YARGITAY KARARI
DAİRE : 19. Hukuk Dairesi
ESAS NO : 2013/17267
KARAR NO : 2014/3619
KARAR TARİHİ : 24.02.2014
MAHKEMESİ : İstanbul Anadolu 1. Asliye Ticaret Mahkemesi
TARİHİ : 30/05/2012
NUMARASI : 2009/165-2012/548
Taraflar arasındaki alacak davasının yapılan yargılaması sonunda ilamda yazılı nedenlerden dolayı davanın kısmen kabulüne, kısmen reddine yönelik olarak verilen hükmün süresi içinde taraf vekillerince temyiz edilmesi üzerine dosya incelendi, gereği konuşulup düşünüldü.
– K A R A R –
Dava, ticari satım ilişkisinden kaynaklanan asıl alacağın ferisi olan bakiye faiz alacağının tahsili istemine ilişkindir.
Davalılar vekili; davanın reddini savunmuştur.
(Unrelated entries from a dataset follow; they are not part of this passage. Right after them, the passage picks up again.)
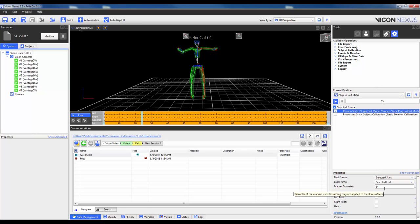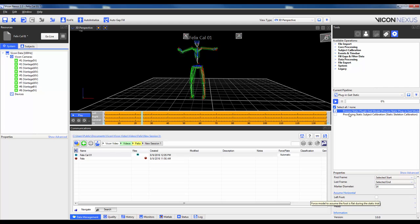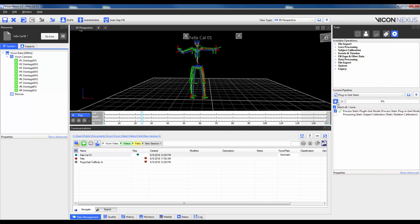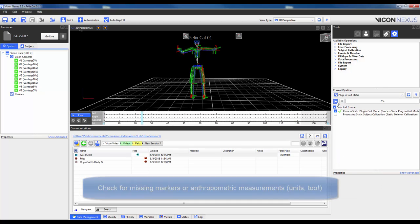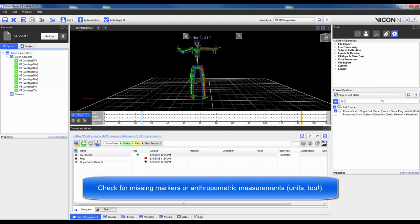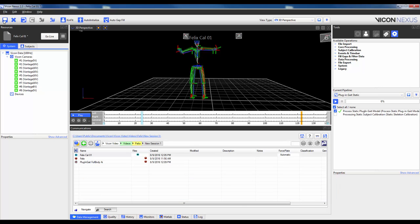When you're sure that the settings are correct, go ahead and run the pipeline, so I can just run the entire pipeline operation here. If this pipeline fails, the main causes are either a missing marker or a missing anthropometric measurement. Lastly, make sure to save the trial.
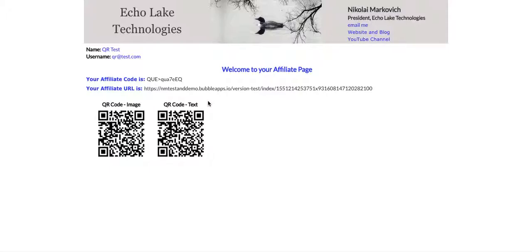So that's basically it for this demo on QR codes. If you like the video, please give me a thumbs up. I do appreciate those. If you have any questions or comments, leave them down below and I'll be sure to get back to you. I do have some more videos in the pipeline. So if you subscribe to this channel, you will get notified by YouTube when those are available. Thank you.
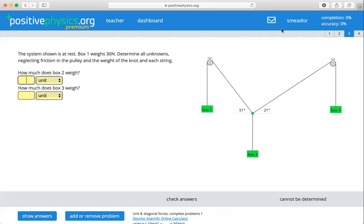Hi everyone, Dr. Metter here. Let's look at this problem from complete problem set number one of our diagonal forces unit. The system shown is at rest. Box one weighs 30 newtons. Determine all unknowns, neglecting friction in the pulley and the weight of the knot and each string.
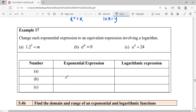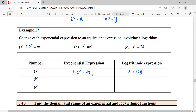Now we look at an example: change each exponential expression to an equivalent expression involving a logarithm. For question (a), the exponential expression is 1.2 to the power of 3 equals m. When we convert it, the base of the exponential goes to the opposite side, so it becomes: 3 equals log base 1.2 of m.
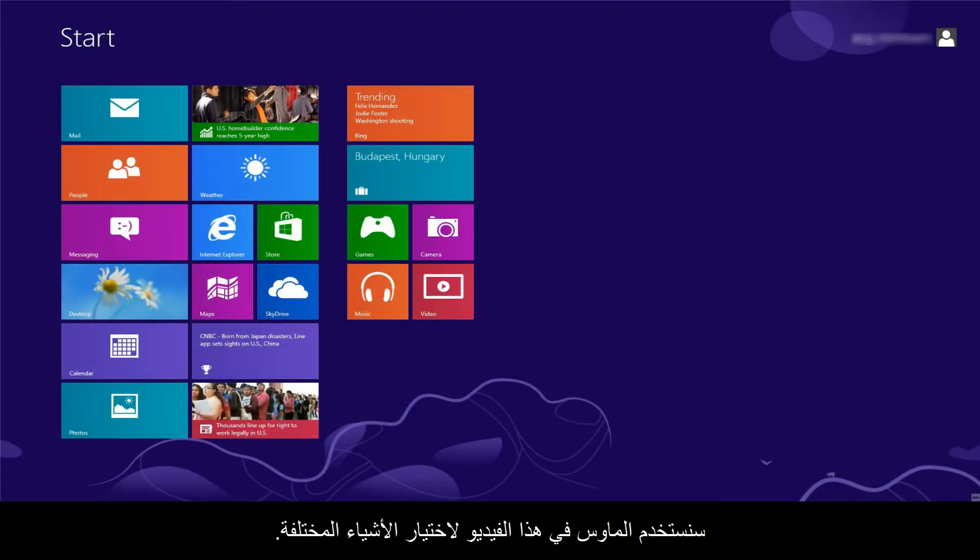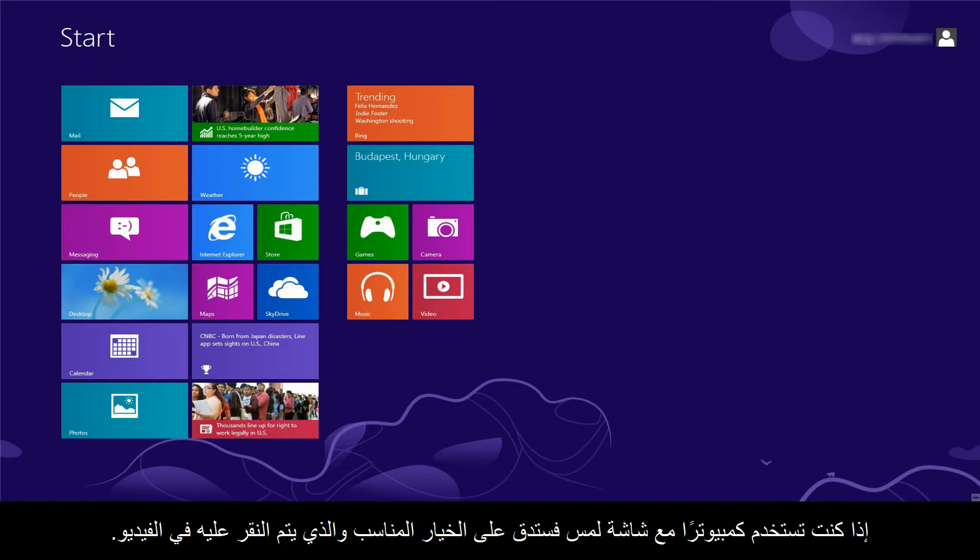In this video, we will use a mouse to select items. If you are using a touchscreen computer, you will tap the selection whenever the video says click.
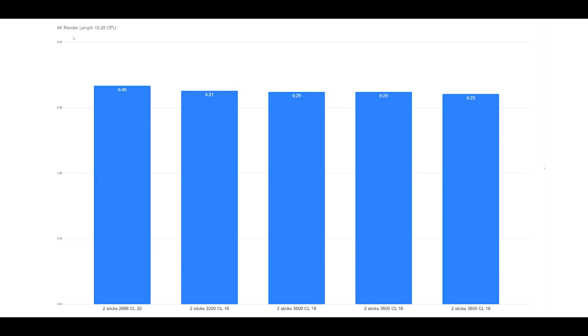Looking more closely at the 4K render with the CPU intensive factor, the timeline dictates more need of the CPU, which means RAM will get a good increase with the 3800 CL18. But you have to ask yourself — is this five-second improvement really that much of a game changer? And is most of your content going to be CPU intensive or GPU intensive? We have to remember that the graphics card has been taking on a lot of the heavy tasks in recent changes to Adobe Premiere Pro, so you have to ask where your money is better invested.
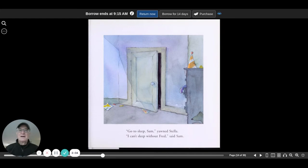Go to sleep, Sam. Yawn, Stella. I can't sleep without Fred, said Sam.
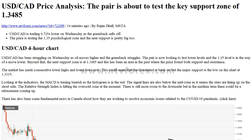Looking at the indicators, the MACD is turning bearish as the histogram is in the red. The signal lines are also below the midzone, as it seems the stars are lining up on the short side. The relative strength index is hitting the oversold zone at the moment. There is still more room to the downside, but in the medium term there could be a retracement coming up.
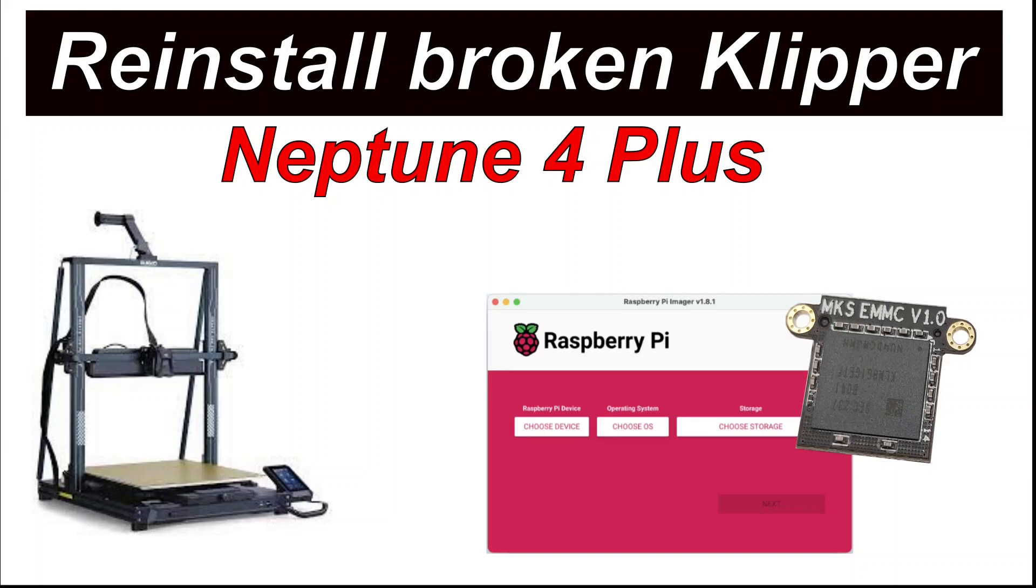Hi guys, today I would like to show you the second method how you can repair your broken Klipper on Neptune 4 Plus.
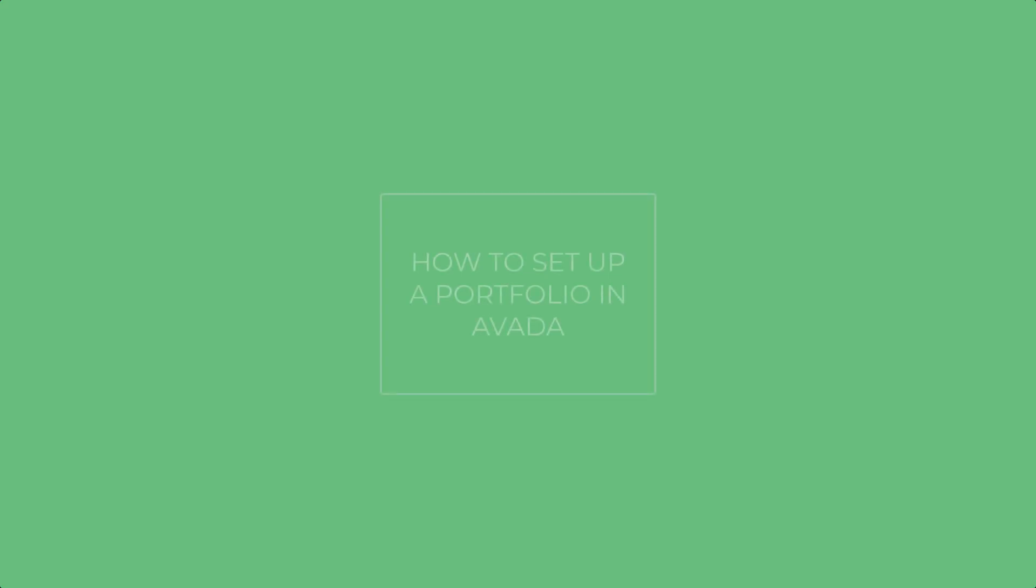Hi everyone, it's Geoff from Avada here. In this video, we'll be looking at how to set up a portfolio in Avada.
Mahkemece yapılan yargılamada toplanan delillere ve bilirkişi raporuna göre; taraflar arasında 16.05.2002 tarihli icra sözleşmesiyle faiz oranının yıllık %10 olarak kararlaştırıldığı, yıllık %10 oranındaki faiz talebinin yer aldığı ve tebliği sonrasında içeriği kabul edilen ödeme emrinin daha sonra, döviz alacağının Türk Lirası karşılığının ödeme emrinde gösterilmemesi nedeniyle şikayet yoluyla iptal edildiği, ancak alacağın Türk Lirası karşılığının gösterilmesi zorunluluğunun borçlunun bireysel menfaati bakımından değil, takibin işleyişindeki kamu menfaatinden doğduğu, bu nedenle iptalin koruma amacı kapsamında iptal edilen ödeme emrinin içeriğine ilişkin kabul beyanının iptal sonrası etkisiz hale geldiğini kabul etme imkanı olmadığı, 31.12.2002 takip tarihi ile ikinci ödeme emirlerinin tebliğ tarihi olan 31.01.2005 tarihi arasında kalan 750 günlük hesaplama dışı kalmış bu döneme ait faiz hesabı yapılması gerektiği, ancak ikinci ödeme emrine yönelik borçluların itirazına alacaklı tarafça kayıtsız kalınmasıyla bu sözleşmenin zımnen sona erdiği, bu yüzden, ikinci ödeme emrinin tebliği sonrası dönemde uygulanan yıllık % 3.5’lik oran yıllık %10 oran arasındaki farkı davacının talep edemeyeceği, kabul edilen dönem arasında geçen 750 günlük faiz alacağının 33.128,72.-Euro olduğu, davacının talebini Euro’nun dava tarihindeki efektif alış kuru üzerinden talep ettiği ve taleple bağlı kalınarak yapılan hesaplamada alacağın dava tarihindeki TL karşılığı olan 71.405,64.-TL olduğu gerekçesiyle davanın kısmen kabulü ile 71,405.64.-TL alacağın davalılardan tahsili ile davacıya verilmesine, fazlaya ilişkin istemin reddine karar verilmiş, hüküm taraf vekillerince temyiz edilmiştir.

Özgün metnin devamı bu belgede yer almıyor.